‘My flash kept blinding everyone on the dancefloor’: Elaine Constantine on capturing 90s northern soul all-nighters

‘My flash kept blinding everyone on the dancefloor’: Elaine Constantine on capturing 90s northern soul all-nighters

The UK photographer took these powerful shots of northern soul nights 30 years ago. Now collected in a new book and exhibition, they offer an intimate glimpse of a peculiarly British subculture

In 1993, Elaine Constantine was commissioned by the Face magazine to photograph a northern soul night at the 100 Club in London. “It was challenging, to say the least,” she recalls. “The place was really dark except for the illuminated signs for the exits and the toilets, and a few lamps above the record decks. The only way to photograph was with a flash, which kept blinding everyone on the dancefloor.”

Having recently moved to London from Manchester, Constantine had come of age on the northern soul scene a decade earlier, regularly attending all-nighters across the country as a teenager.

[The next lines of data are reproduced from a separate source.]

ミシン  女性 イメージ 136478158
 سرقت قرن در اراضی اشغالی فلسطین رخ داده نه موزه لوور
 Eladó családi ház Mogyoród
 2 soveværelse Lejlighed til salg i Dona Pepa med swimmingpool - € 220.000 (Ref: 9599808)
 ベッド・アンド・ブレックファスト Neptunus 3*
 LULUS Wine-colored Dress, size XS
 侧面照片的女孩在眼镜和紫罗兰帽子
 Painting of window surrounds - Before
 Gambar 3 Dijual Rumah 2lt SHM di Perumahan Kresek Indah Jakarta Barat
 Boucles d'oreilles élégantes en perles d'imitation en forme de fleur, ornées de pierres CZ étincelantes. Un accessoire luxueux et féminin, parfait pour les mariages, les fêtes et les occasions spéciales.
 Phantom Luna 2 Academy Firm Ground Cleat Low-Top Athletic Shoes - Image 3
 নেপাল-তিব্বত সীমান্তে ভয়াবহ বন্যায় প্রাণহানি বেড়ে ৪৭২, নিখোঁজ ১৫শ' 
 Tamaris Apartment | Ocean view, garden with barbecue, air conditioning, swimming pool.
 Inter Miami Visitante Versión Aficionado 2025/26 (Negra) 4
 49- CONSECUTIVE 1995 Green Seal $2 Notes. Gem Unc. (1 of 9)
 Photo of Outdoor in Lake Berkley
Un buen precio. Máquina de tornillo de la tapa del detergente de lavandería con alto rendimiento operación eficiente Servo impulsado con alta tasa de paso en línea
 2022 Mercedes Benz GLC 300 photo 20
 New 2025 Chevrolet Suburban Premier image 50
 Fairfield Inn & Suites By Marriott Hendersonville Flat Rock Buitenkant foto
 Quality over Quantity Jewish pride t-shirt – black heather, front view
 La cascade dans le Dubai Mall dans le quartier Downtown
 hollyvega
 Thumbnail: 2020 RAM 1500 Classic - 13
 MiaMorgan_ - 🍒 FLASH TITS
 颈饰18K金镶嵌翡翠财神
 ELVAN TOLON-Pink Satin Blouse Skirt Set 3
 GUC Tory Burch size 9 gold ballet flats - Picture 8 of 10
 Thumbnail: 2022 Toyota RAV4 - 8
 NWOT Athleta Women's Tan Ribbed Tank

At the 100 Club, she immediately noticed that the crowd was older and the records more obscure, but the dancers were as energetic and self-absorbed as ever. When she heard the familiar propulsive thump of Lester Tipton’s rare mid-60s record This Won’t Change, it proved irresistible. She put down her camera under a chair and took to the dancefloor, losing herself in the music until the dawn.